Analyze RedShift user activity logs With Athena

April 05, 2020 • aws , redshift , sql , athena , lambda

A few of my recent blogs are concentrating on Analyzing RedShift queries. It seems its not a production critical issue or business challenge, but keeping your historical queries are very important for auditing. RedShift providing us 3 ways to see the query logging. But all are having some restrictions, so its very difficult to manage the right framework for analyzing the RedShift queries. We can keep the historical queries in S3, its a default feature. We can get all of our queries in a file named as User activity log(useractivitylogs). But its a plain text file, in other words, it’s an unstructured data. Now you understand where the problem is. Lets see the challenges with all these 3 ways.

useractivitylog in s3 - Completly unstructured, we can’t directly use this.
STL_QUERY - Great table, but if your query is huge in size, then it’ll truncate your query, so you’ll not get the complete query.
STL_QUERYTEXT - This table contains the full query, but unfortunately one single query split into multiple rows, so we need to concat all these rows into a single row.
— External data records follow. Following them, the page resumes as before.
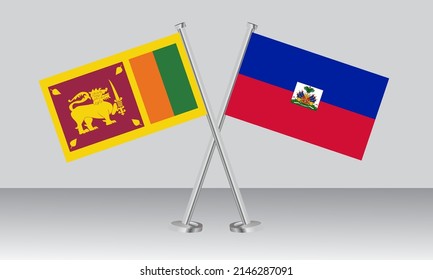 Crossed flags of Sri Lanka and Haiti. Official colors. Correct proportion. Banner design
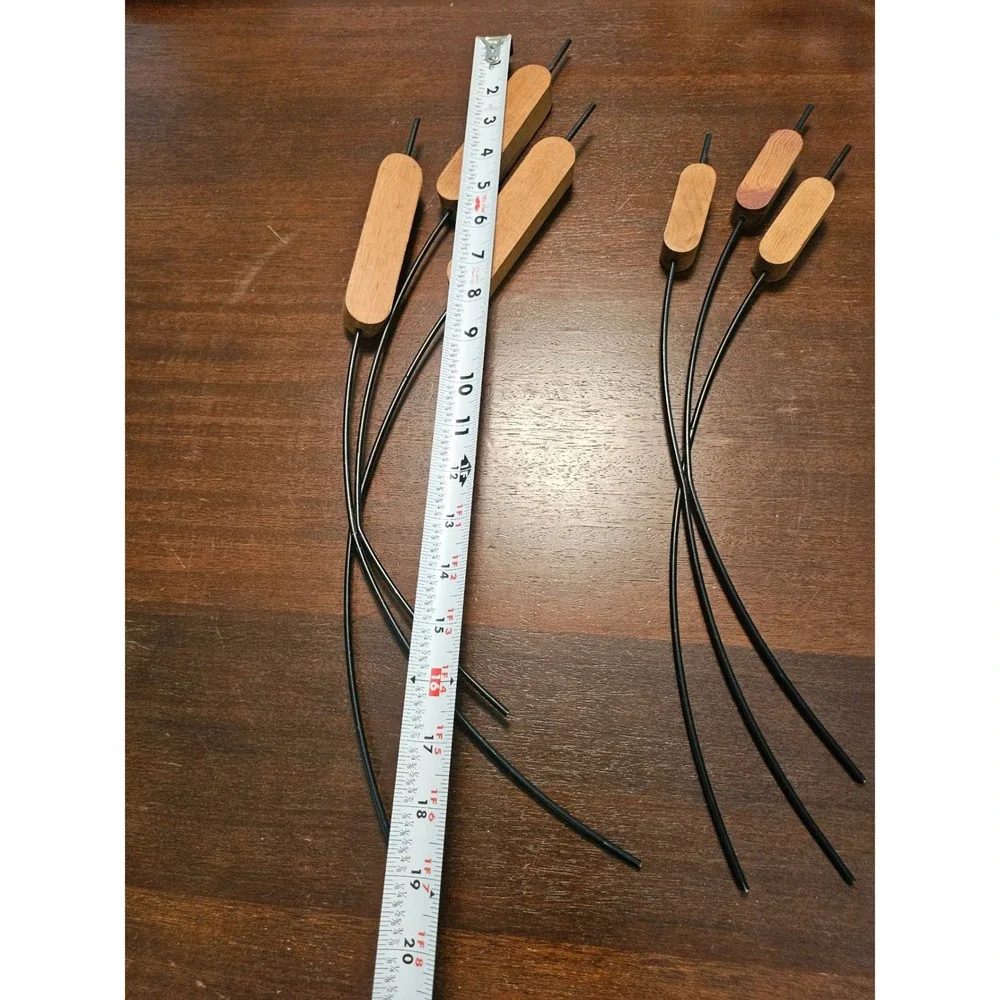Handmade Wooden Cattail Floral Picks Set of 6 Brown Mid Century Modern Decor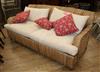 A wove seagrass conservatory sofa W.186cm                                                                                              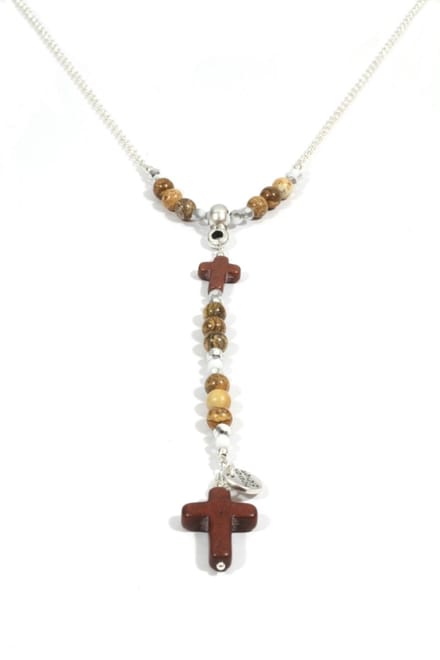 Heaven Eleven dames Ketting zilver plating - jaspis - bruin kruisje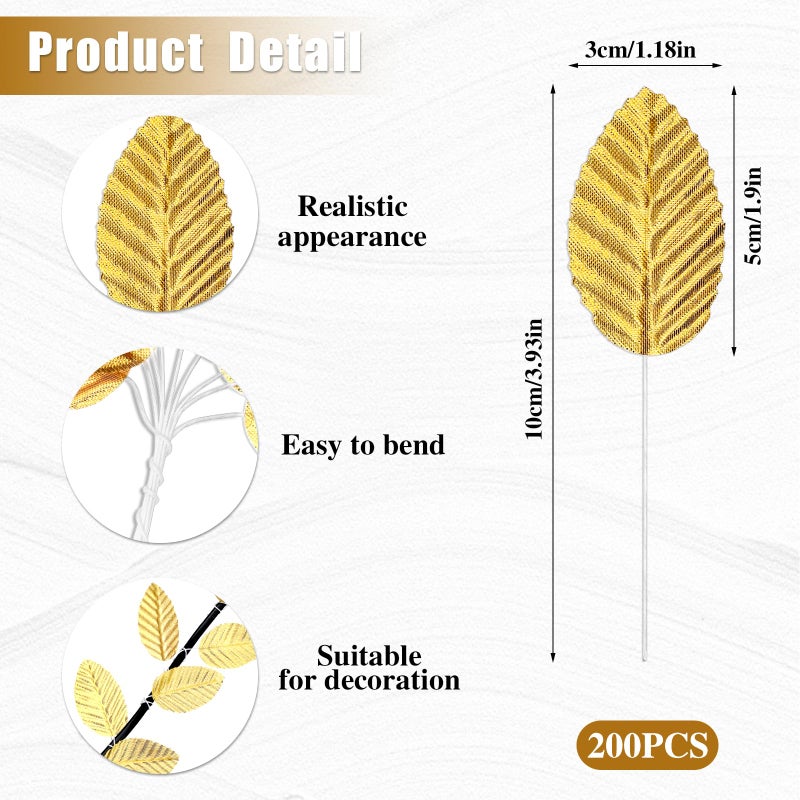 Bruislard 200 Pcs Golden Artificial Leaves with Stems DIY Corsage Single Leaf Crafts Gold Floral Accents Silk Leaf Artificial Leaves for Wedding Party Home Decor Flower Bouquet - Image 2
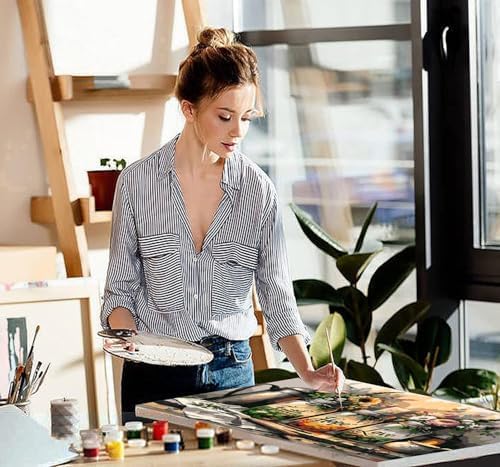 VIGEGU 4 Pack Landscape Paint by Numbers Kit for Adults with Framed,Beach Paint by Number with Wooden Easel DIY Acrylic Oil Painting,for Wall Decor 9x12inch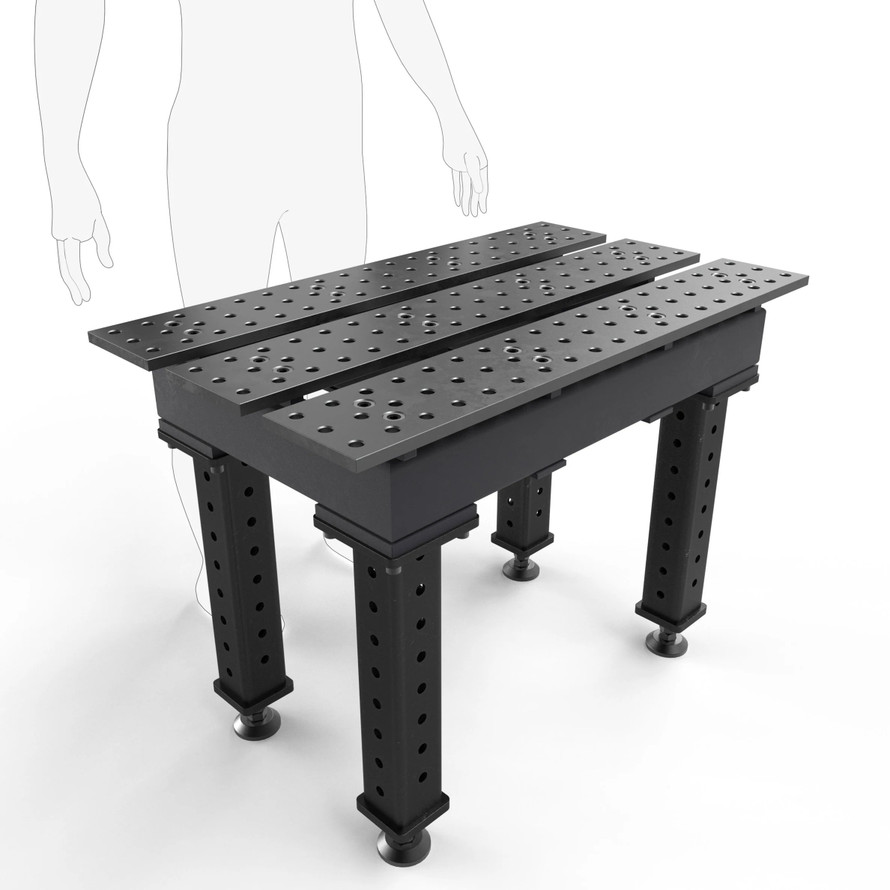BuildPro™ 2' (0.56m) x 3' Welding Table - Nitride Finish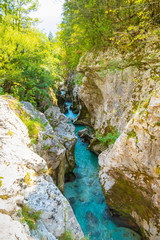 Velika Korita is canyon of Soca river in Soca valley in Slovenia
Again in RedShift concat is not available, instead, we can use LIST_AGG, but it’ll support up to 65k charactors in a single group.

From the above three options, we can’t solve this issue with the help of RedShift, we need a different engine to solve this. So I picked AWS Athena which is cheaper. Now if you think which method will give you a complete query analyzing feature?

STL_QUERYTEXT - Need to perform CONCAT but the data is structured.
useractivitylog file - Unstructured, need some effort and customization to process it.

Some references: #

useractivitylog files can we easily analyzed with pgbadger an opensource tool to analyze the PostgreSQL logs. But it’ll not give you all the metrics like query execution, etc. But applying more filters is not possible. To read about this approach click this lik

STL_QUERYTEXT CONCAT process in RedShift with LIST_AGG also CONCAT process in Athena with ARRAY_AGG. But both methods are not full fledged solutions.

That’s why I want to bring another solution where I can see the complete queries and play around with many filters like username, update queries, alter queries, etc.

Solution Overview: #

This file is also having many queries that will go more than a line, so you may see multiple new lines for a single query. We need to remove all of these new line charactors from all the log files.
Athena can’t directly scan these files from its default S3 location, because RedShift will export 3 different files at every 1hr, so Athena will fail to query only on the useractivitylog files.
Automate the whole steps for upcoming files as well.

I read a blog from PMG where they did some customization on these log files and built their dashboard, but it helped me to understand the parsing the files and so many python codes, and more filter, but I don’t want to do all those things. I just took a piece of code to remove the newline characters from the log file.

Approach: #

Whenever the RedShift puts the log files to S3, use Lambda + S3 trigger to get the file and do the cleansing.
Upload the cleansed file to a new location.
Create the Athena table on the new location.
Create a view on top of the Athena table to split the single raw line to structured rows.

Create the lambda function: #

Create a new lambda function with S3 Read permission to download the files and write permission to upload the cleansed file. No need to run this under a VPC. You have to change the following things as per your setup.

redshift-bucket - S3 bucket name where the RedShift is uploading the logs.
log_folder - S3 prefix where the log files are stored. (you need this while creating the S3 trigger)
custom-log-path - S3 prefix where the new cleaned will be uploaded.
file_name = key.split('/')[8] - In my s3 bucket the files are located with the following format.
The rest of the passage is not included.